Les paranoïas : un véritable baromètre de notre lien social
2022

-

NURAL Umur Yiğit
Les cartels de l'ALI

Les paranoïas : un véritable baromètre de notre lien social

Présentation de cartel sur le séminaire « Les Paranoïas » de Charles MELMAN

 

Ce travail en cartel est composé de trois participants de Turquie et de France dont Özge Soysal d’İzmir, Sevinç Beyza Toktay d’İstanbul et moi, Umur Yiğit Nural de Paris. Nous nous sommes réunies chaque 3 semaines pendant deux ans à la suite des travaux de réflexion sur les caractéristiques du discours dominant de notre lien social à partir de nos diverses expériences cliniques. D’où le choix de ce séminaire de Charles Melman sur les paranoïas qui date des années de 1999-2000 et 2000-2001 qui nous permet d’identifier plus clairement les phénomènes de notre actualité.

Certes, cette actualité a plusieurs axes, économique-politique et social concernant la pluralité de notre monde et nous ne penchons sur le sujet qu’en tant que psychanalystes, car nous ne sommes ni des politiciens ni des économistes ni des sociologues. 
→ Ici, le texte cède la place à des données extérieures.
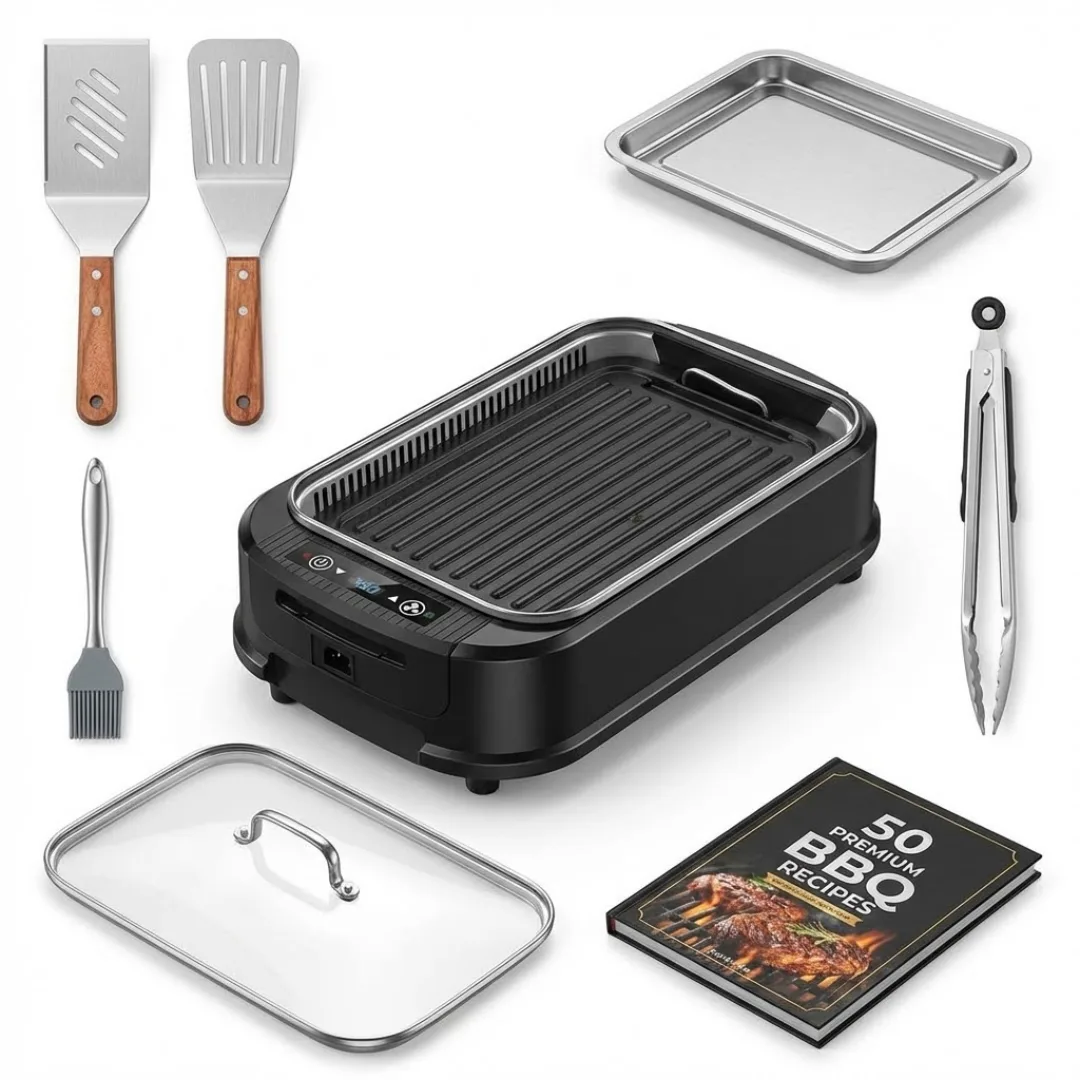 Elektromos grill minden tartozékkal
Cependant, le populisme en tant qu’une des nouvelles contaminations de notre actualité nous incite paradoxalement à faire une lecture globale des phénomènes qu’on aurait pu appeler autrement local et spécifique d’un pays tout en écrasant les différences qui pourrait beaucoup apporter à la pensée. Le discours du Un du nationalisme, les fanatismes de toutes sortes et la normalisation d’une aliénation à un leader ou aux ex-pères du discours de la science sont les ingrédients habituels de notre quotidienne en Turquie. 
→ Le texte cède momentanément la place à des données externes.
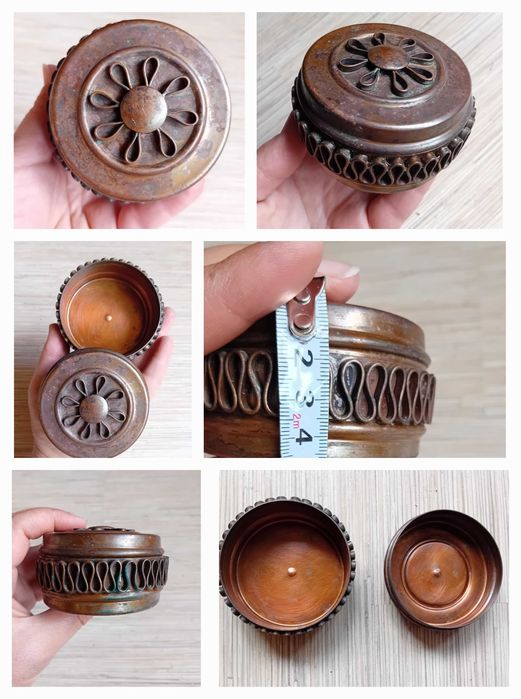 Медна кутийка, ибрик, захарник, коктиери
Mais il y a aussi la révélation d’un phénomène qui est assez déterminant et bousculant : c’est la rupture qui s’est creusé de plus en plus entre la réalité régie d’une imaginaire sans appuies symboliques, donc angoissante -car elle risque de réduire le sujet au néant- et les lois de l’altérité. Cette rupture entre les différents registres a des effets remarquables sur les vécus corporels définie en clinique comme “morcelé” “tranché” “évanouie” “perdu” ou « visé », d’où la recherche des calmants unifiants pour cette souffrance énorme de certains sujets. La montée du discours nationaliste est avancée comme l’Un de ces calmants unifiants.  Ce qui correspond politiquement bien avec ce projet de l’Un, car cela se répercute aussi avec la fragmentation de certaines villes en des endroits marqués par les phénomènes de l’immigration.
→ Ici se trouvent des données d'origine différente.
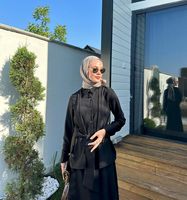 Nouvelle arrivée 2023 Abaya musulmane femme hauts et robe deux pièces ensemble Islam ethnique Abaya robe ensembles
Il est clair que vivre avec le semblant est devenu assez problématique et insupportable dans notre actualité, parce qu’il exige pour le sujet une restriction de la satisfaction. Et cela explique surement la raison de notre préférence pour vivre dans un monde « factice », comme le dit T. Todorov. Les seuls lieux de sans « faux-semblant » d’après ses termes, sont des lieux où on se heurte au réel où il ne rigole plus[1]. Comme c’est souvent le cas dans les paranoïas, les sujets se divisent entre intérieur et extérieur ou bien devant ou derrière -devant ou derrière l’écran par exemple- d’une manière catégorique qui ne permet pas à l’interconnexion des espaces. Voici une question : si cette construction de l’ex-time grâce à la torsion de la bande de möbius ne s’effectue pas, quels en sont les effets ?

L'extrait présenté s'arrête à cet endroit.